§ Exercise materials:

--------------------------------------------------

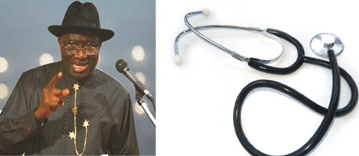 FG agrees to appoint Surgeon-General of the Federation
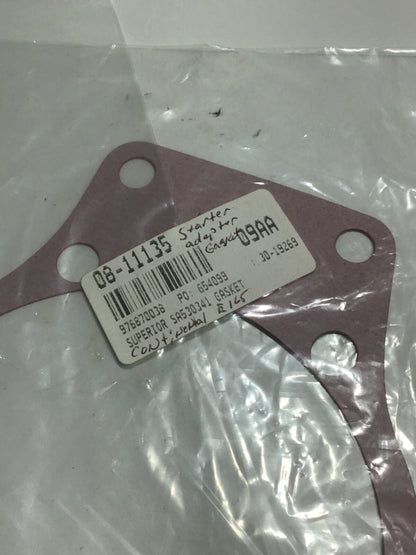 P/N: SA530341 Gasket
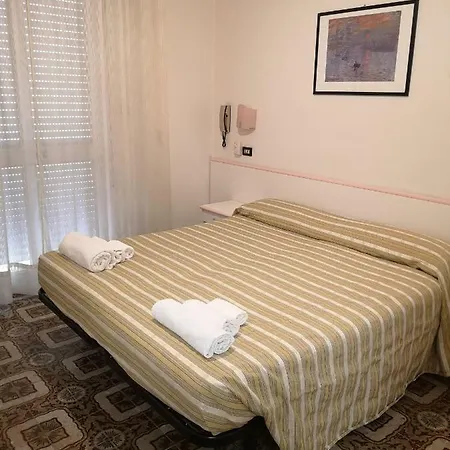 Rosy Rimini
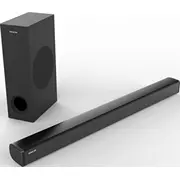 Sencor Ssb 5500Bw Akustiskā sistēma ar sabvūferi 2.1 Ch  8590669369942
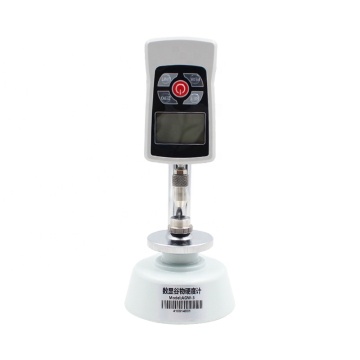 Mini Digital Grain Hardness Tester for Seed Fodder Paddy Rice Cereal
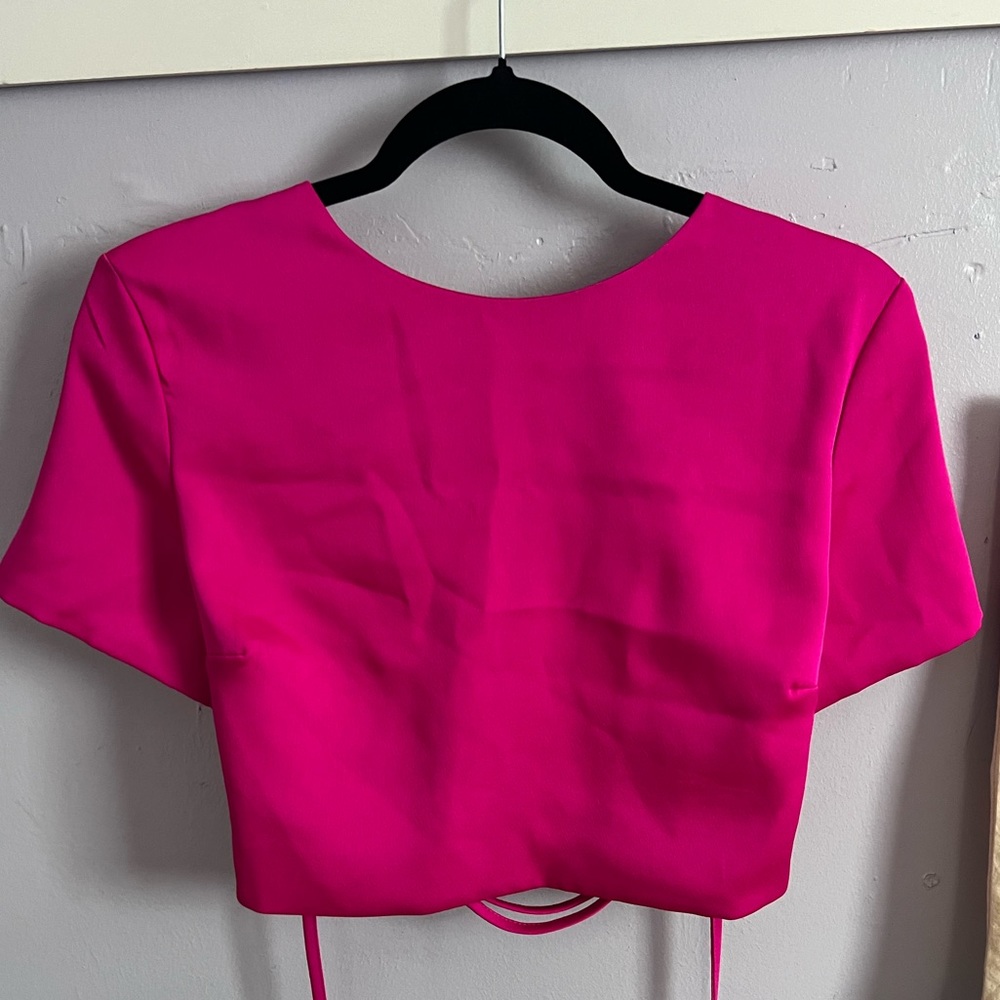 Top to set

--------------------------------------------------

§ Task goal:
Although the records contain pictures, the output must hold only their exact wording.

§ Your response:
 FG agrees to appoint Surgeon-General of the Federation
 P/N: SA530341 Gasket
 Rosy Rimini
 Sencor Ssb 5500Bw Akustiskā sistēma ar sabvūferi 2.1 Ch  8590669369942
 Mini Digital Grain Hardness Tester for Seed Fodder Paddy Rice Cereal
 Top to set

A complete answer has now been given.